Yes, the question is actually an important motivation to have heterogeneous graphs. Take a look at the example below:

import dgl
import torch

g = dgl.heterograph({
          ('user', 'follows', 'user'): [(0, 1), (1, 2)],
          ('user', 'plays', 'game'): [(0, 0), (1, 0), (1, 1), (2, 1)],
          ('developer', 'develops', 'game'): [(0, 0), (1, 1)],
g.nodes['user'].data['feat'] = torch.randn(3, 4)
g.nodes['game'].data['feat'] = torch.randn(2, 25)

What is the best way to copy node features from a NetworkX graph to a DGL HeteroGraph?

To be more specific, what is the best way to get specific node types and assign features to them?

Are heterographs the only way to have embedding a on both nodes and edges?

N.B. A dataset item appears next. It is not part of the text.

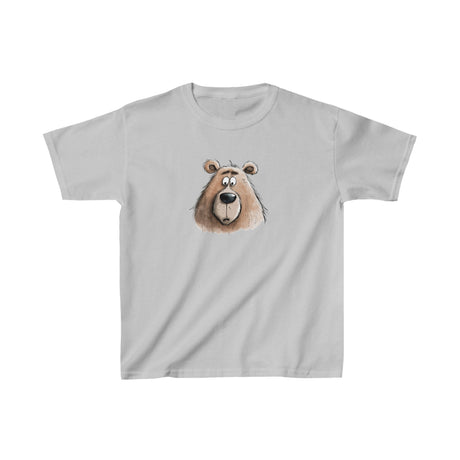 Shocked Bear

A NetworkX graph inherently does not have node and edge types. Instead, the nodes can have different feature dimensions. So there is currently no one-liner to copy node features from a NetworkX graph to a DGL HeteroGraph.

However, one can construct a homogeneous graph from a NetworkX graph, provided that the node labels in the NetworkX graph are consecutive integers. Furthermore, one can convert a homogeneous graph to a heterogeneous graph with dgl.to_hetero provided that the nodes have a feature named dgl.NTYPE (no quotes!), and the edges have a feature named dgl.ETYPE (again no quotes!), storing the node/edge type IDs. The heterogeneous graph returned by dgl.to_hetero stores a mapping from the nodes/edges in heterogeneous graph to the nodes/edges in original homogeneous graph.

So the best you can do is probably something like:

nxg = nx.DiGraph(...)
g = dgl.graph(nxg)
g.ndata[dgl.NTYPE] = ...    # assign node types from nxg
g.edata[dgl.ETYPE] = ...    # assign edge types from nxg
ntypes = [...]    # name of each node type ID
etypes = [...]    # name of each edge type ID
hg = dgl.to_hetero(g, ntypes, etypes)
for ntype in hg.ntypes:
    # node IDs in the original homogeneous graph (and the NetworkX graph)
    nxg_node_ids = hg.nodes[ntype].data[dgl.NID]
    hg.nodes[ntype].data['feature'] = get_node_features(nxg, nxg_node_ids)
# Same for edge types...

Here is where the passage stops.